The invention relates to the technical field related to dairy inspection, in particular to a method for quickly culturing and identifying color development of mixed bacteria in fermented milk and a special culture medium thereof.

Background

the species of the pollution bacteria and pathogenic bacteria in the fermented milk are various, the pollution bacteria and the pathogenic bacteria comprise salmonella, staphylococcus aureus, shigella and other pathogenic bacteria and bacteria affecting the product quality such as acetobacter in the family of acetobacteriaceae and lactobacillus plantarum, the salmonella, the staphylococcus aureus, the shigella and the cronobacter sakazakii all have corresponding selective chromogenic culture media which can meet the requirement of specific screening, and the acetic acid bacteria serving as common pollution bacteria in the fermented milk lack of specific chromogenic culture media and become a key factor restricting the quality control of the fermented milk.

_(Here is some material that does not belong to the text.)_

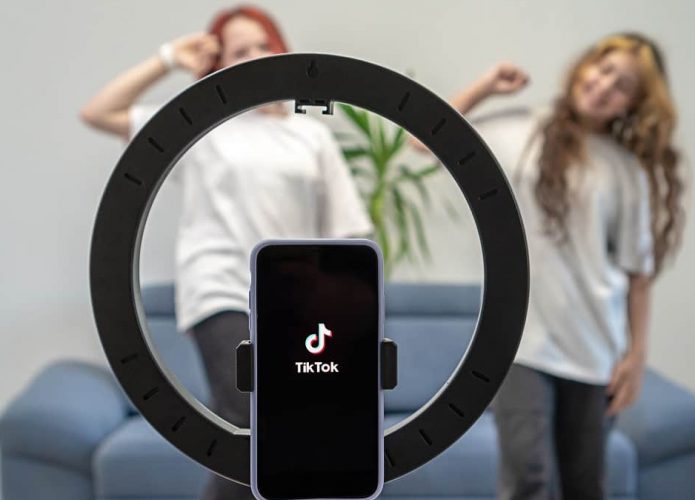 Duas meninas dançando enquanto celular com TikTok aberto e encaixado numa ring light grava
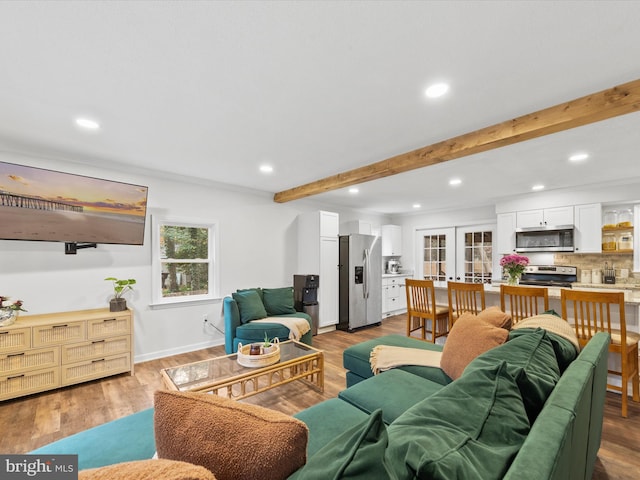 living area featuring light wood-style floors, recessed lighting, french doors, and beamed ceiling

The identification of microorganisms by the chromogenic culture medium is a technology developed on the basis of biochemical reaction and is a hot spot of research and development at home and abroad. The principle is that the species and reaction conditions of microbial intracellular enzymes are used as the basis for microorganism classification identification, and a substrate of microbial specific enzymes is added into a separation culture medium, wherein the substrate consists of chromophoric groups and microbial metabolizable substances, is usually colorless, but is separated from the chromophoric groups under the action of the specific enzymes and shows a certain color, and the bacteria can be identified by directly observing the color of a bacterial colony, so that the steps of pure culture and further biochemical identification of the bacterial strain are reduced.

At present, the color development identification method for one-time multidimensional culture of various bacteria has important scientific research and practical value, but is still to be developed and researched.

Disclosure of Invention

the invention aims to solve the technical problem of providing a selective chromogenic culture method aiming at gluconacetobacter acetobacter, acetobacter aceti and gluconobacter in fermented milk and a special culture medium thereof.

In order to solve the technical problems, the technical scheme adopted by the invention is as follows.

A selective chromogenic culture method aiming at acetobacter gluconicum, acetobacter aceti and gluconobacter in fermented milk comprises the following steps:

A. Preparation of a series of culture media:

A-1, a special chromogenic medium, which is prepared as follows: 40-60g/L of glucose, 4-6g/L of beef extract, 8-12g/L of yeast powder and 8-12mL/L of ethanol, and additionally adding 0.5-1.5g/L of bile salt and 0.5-1.5mL/L of Swiss dye solution; the pH value is 6.6-7.2;

A-2, preparing a liquid basal culture medium as follows: 80-120 parts of glucose, 4-6 parts of beef extract, 4-6 parts of yeast powder, 15-25 parts of ethanol, 1000 parts of distillation by volume and 6.5-7.5 of pH;

B. Pretreatment of fermented milk to be detected:

B-1, first-generation culture: taking fermented milk to be detected, standing to restore the fermented milk to normal temperature, and inoculating the fermented milk to a liquid basal culture medium for first-generation activation culture;

b-2, second generation culture: after the basic culture is finished, adding the culture solution into a liquid basic culture medium to perform second generation activation culture;

C. Selective chromogenic culture:

B, inoculating the culture solution obtained by the second generation culture into the special chromogenic culture medium in the step A according to the inoculation amount of 3-8% v/v, and carrying out streak culture;

D. Color development identification of three target strains:

d-1, identifying three target strains according to the following typical standards: gluconacetobacter: the colony color is purple black, and an obvious transparent ring is arranged around the colony;

D-2, Acetobacter aceti: the colony is wine red, and transparent rings are not arranged around the colony;

d-3, Gluconobacter: the colony color is pink, and no transparent ring is arranged around the colony color; and (5) finishing the identification.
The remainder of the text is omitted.